**DESCRIPTION OF THE TASK**. Could you give the entries back exactly as they stand, minus any pictures?

Segment Start: RECORDS SUPPLIED

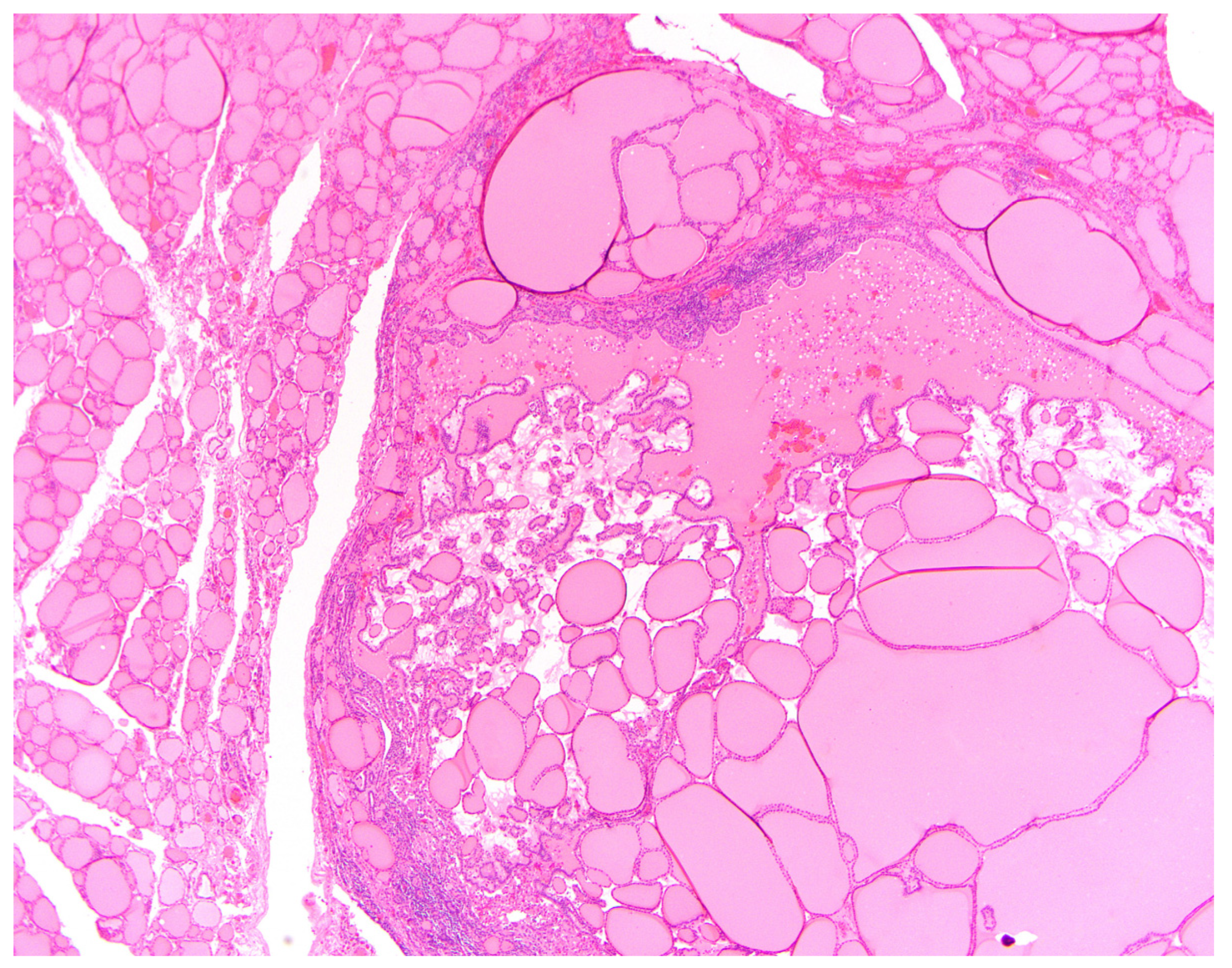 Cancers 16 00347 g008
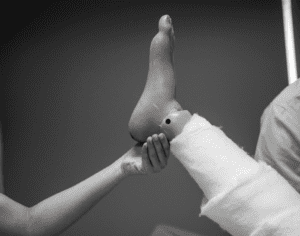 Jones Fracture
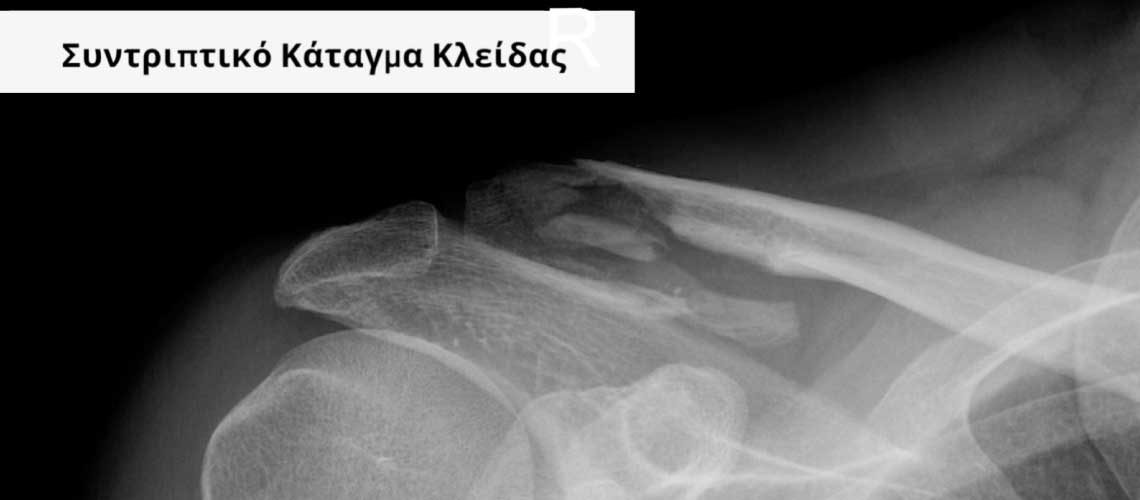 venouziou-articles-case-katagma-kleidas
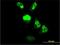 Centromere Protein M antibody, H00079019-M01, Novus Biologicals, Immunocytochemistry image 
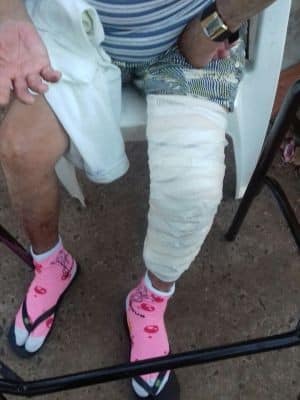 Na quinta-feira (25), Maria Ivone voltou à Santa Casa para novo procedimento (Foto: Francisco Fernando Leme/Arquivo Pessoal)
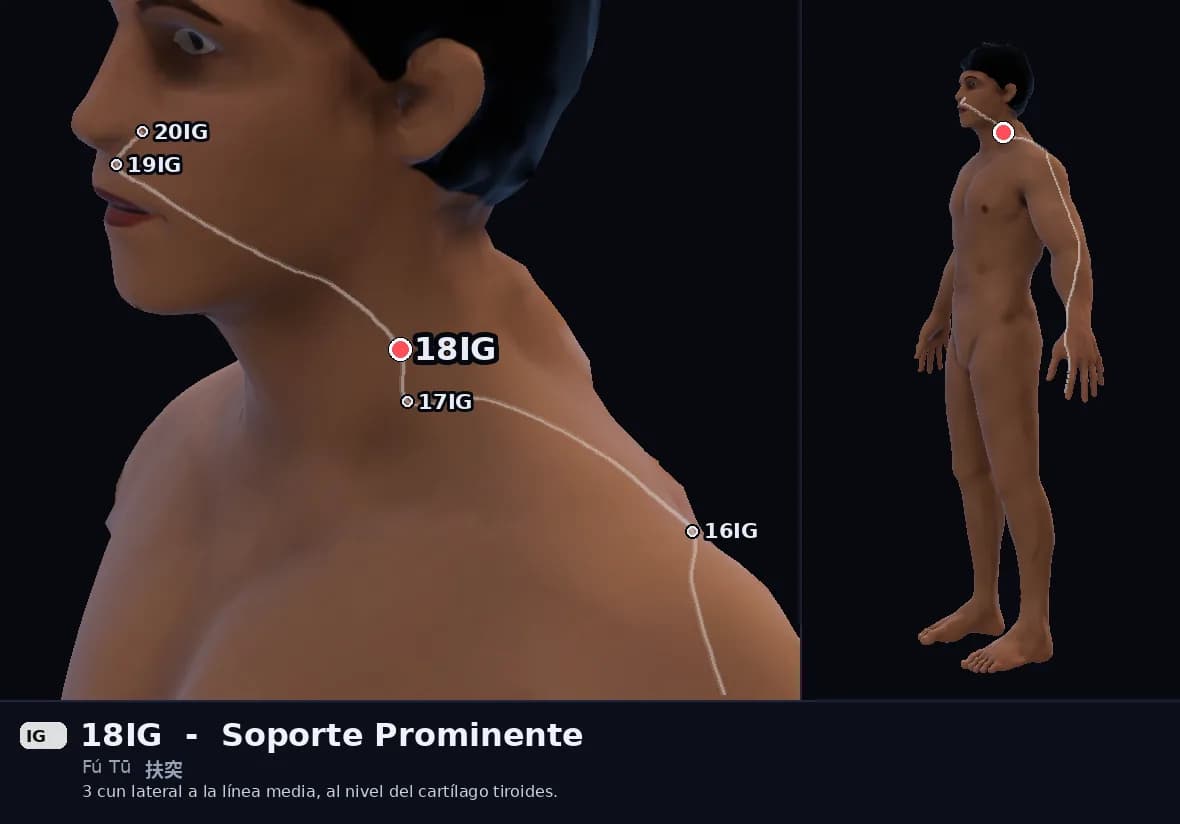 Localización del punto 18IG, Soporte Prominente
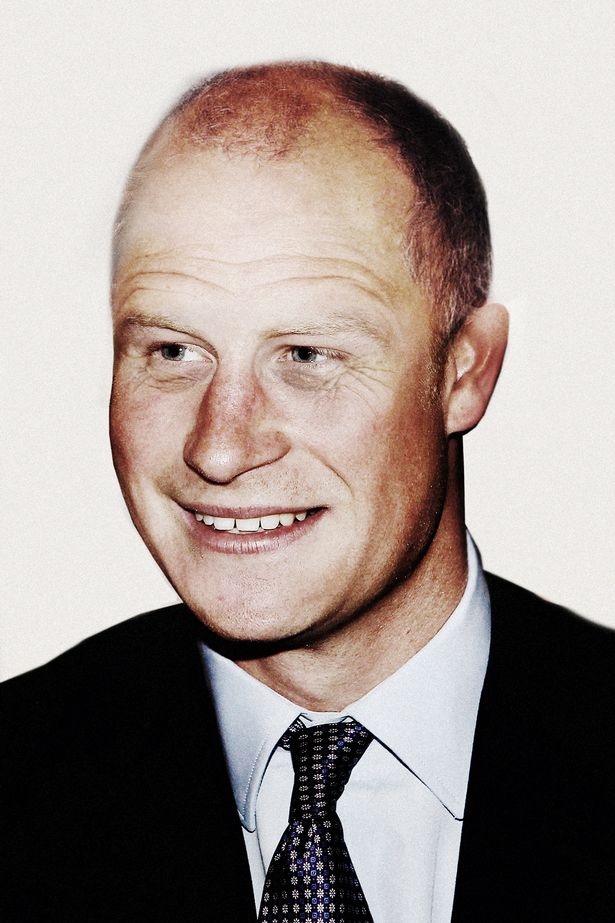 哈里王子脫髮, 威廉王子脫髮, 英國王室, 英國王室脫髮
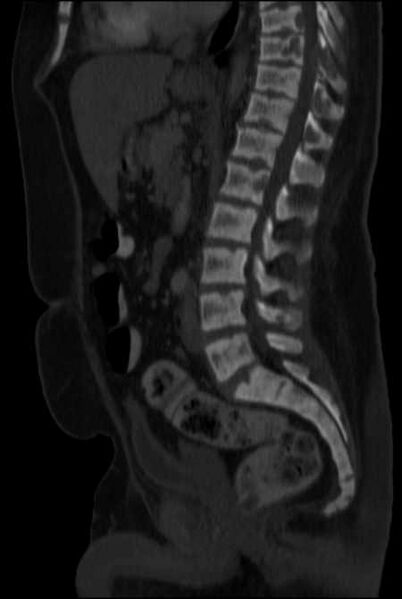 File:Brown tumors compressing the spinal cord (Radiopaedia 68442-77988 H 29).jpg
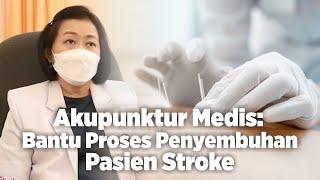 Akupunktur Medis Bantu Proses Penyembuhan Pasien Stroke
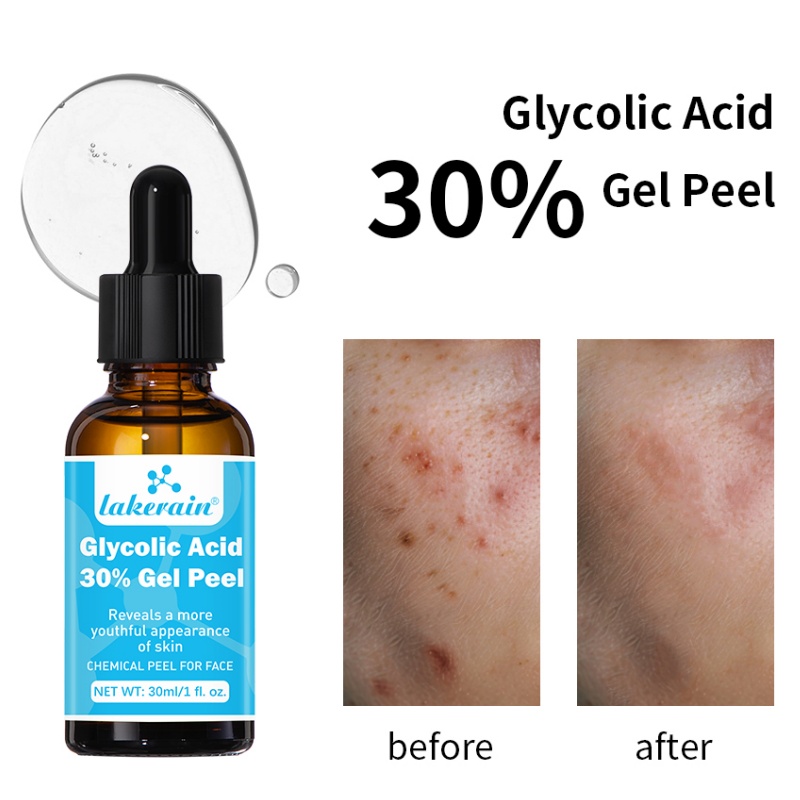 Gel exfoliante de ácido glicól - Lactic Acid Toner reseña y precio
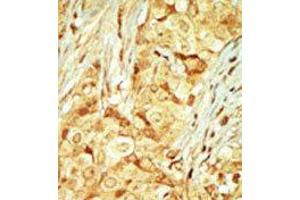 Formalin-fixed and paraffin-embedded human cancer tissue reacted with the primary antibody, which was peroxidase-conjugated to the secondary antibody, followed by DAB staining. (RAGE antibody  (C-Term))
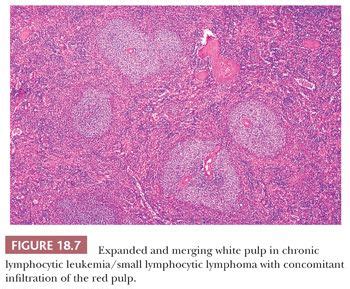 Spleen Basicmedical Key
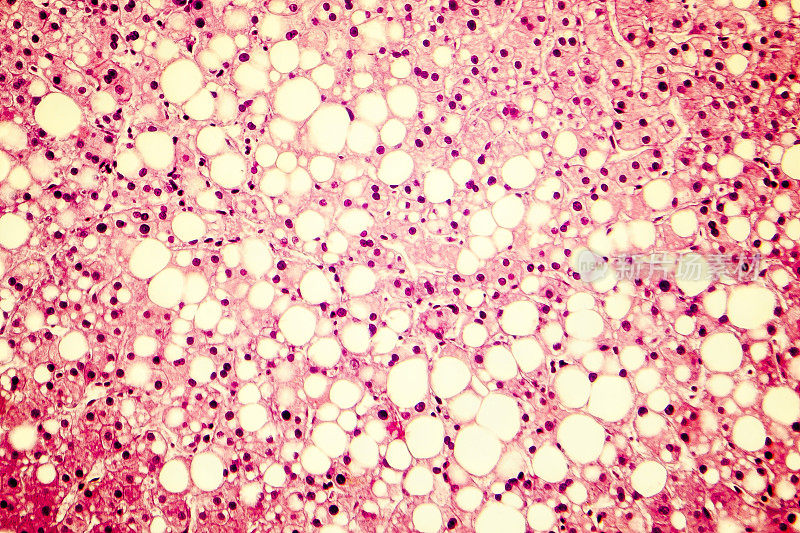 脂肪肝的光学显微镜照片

Segment End: RECORDS SUPPLIED

**WRITTEN ANSWER**.
 Cancers 16 00347 g008
 Jones Fracture
 venouziou-articles-case-katagma-kleidas
 Centromere Protein M antibody, H00079019-M01, Novus Biologicals, Immunocytochemistry image 
 Na quinta-feira (25), Maria Ivone voltou à Santa Casa para novo procedimento (Foto: Francisco Fernando Leme/Arquivo Pessoal)
 Localización del punto 18IG, Soporte Prominente
 哈里王子脫髮, 威廉王子脫髮, 英國王室, 英國王室脫髮
 File:Brown tumors compressing the spinal cord (Radiopaedia 68442-77988 H 29).jpg
 Akupunktur Medis Bantu Proses Penyembuhan Pasien Stroke
 Gel exfoliante de ácido glicól - Lactic Acid Toner reseña y precio
 Formalin-fixed and paraffin-embedded human cancer tissue reacted with the primary antibody, which was peroxidase-conjugated to the secondary antibody, followed by DAB staining. (RAGE antibody  (C-Term))
 Spleen Basicmedical Key
 脂肪肝的光学显微镜照片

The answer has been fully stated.